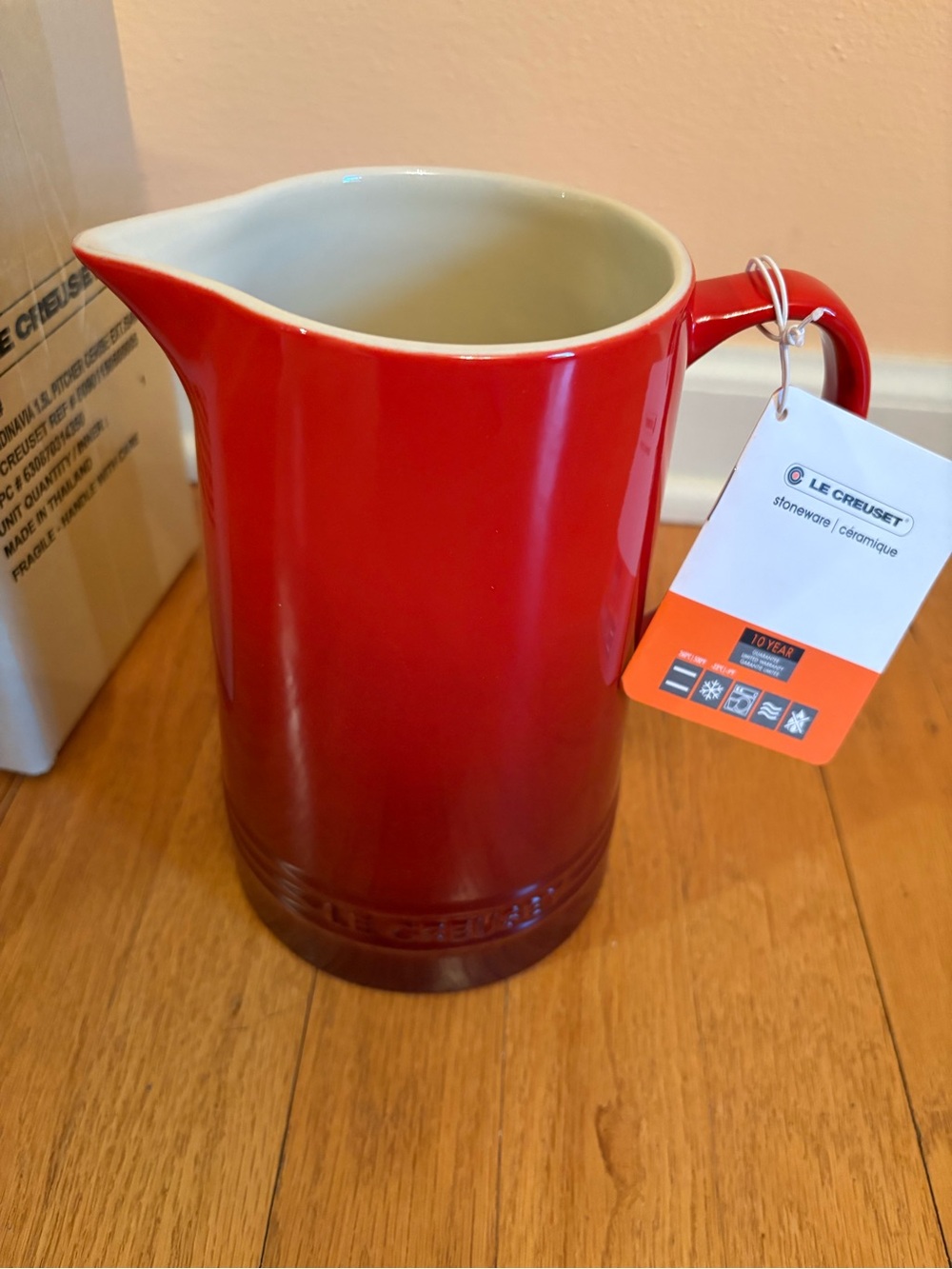 Le Creuset Scandinavia 1.5L Pitcher. Cerise - Picture 3 of 8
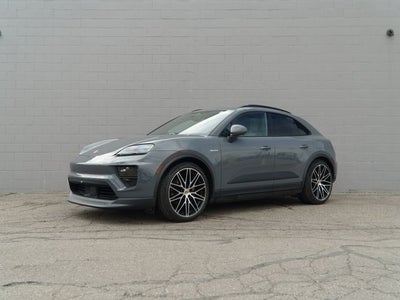 2025 Porsche Macan 4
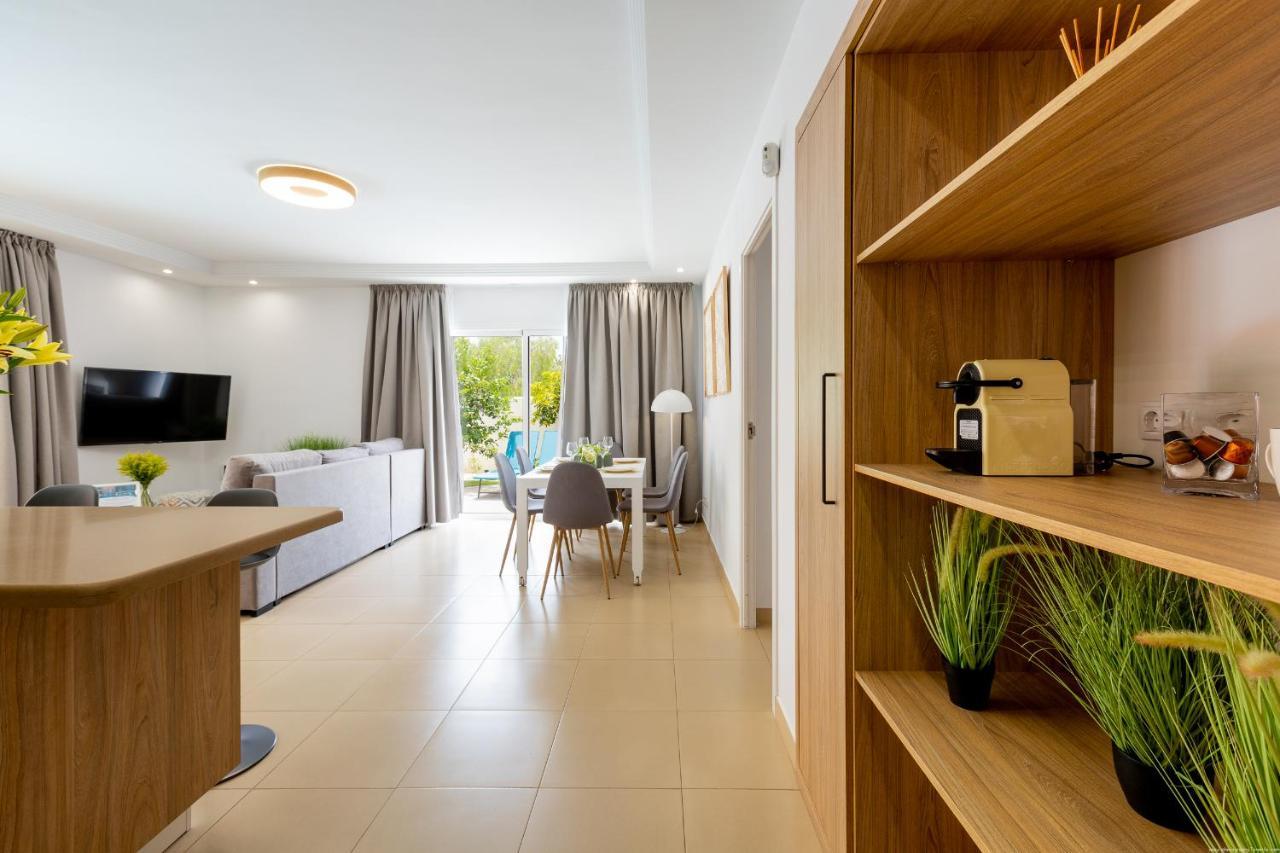 Villa With A Private Swimming Pool קיאו סלבאחה מראה חיצוני תמונה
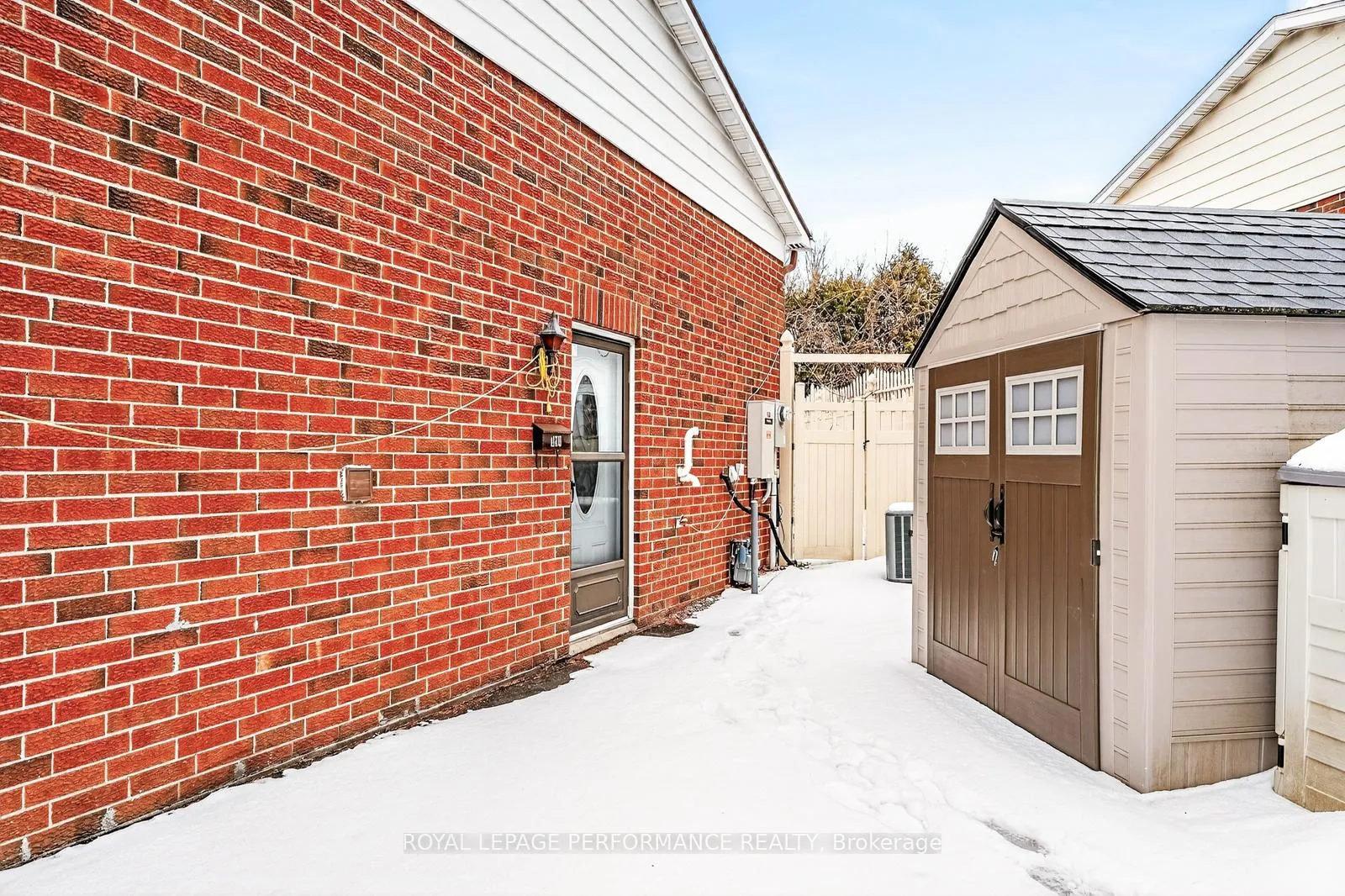 Photo 3 of 194 Mcelroy Drive, Ottawa, Kanata - Glencairn/Hazeldean — HOMEH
--------------------------------------------------
**Activity**
Once you find the line with "2025 Porsche Macan 4", restate it and every later line of the data word for word, excluding the pictures.

**Answer for this exercise**
 2025 Porsche Macan 4
 Villa With A Private Swimming Pool קיאו סלבאחה מראה חיצוני תמונה
 Photo 3 of 194 Mcelroy Drive, Ottawa, Kanata - Glencairn/Hazeldean — HOMEH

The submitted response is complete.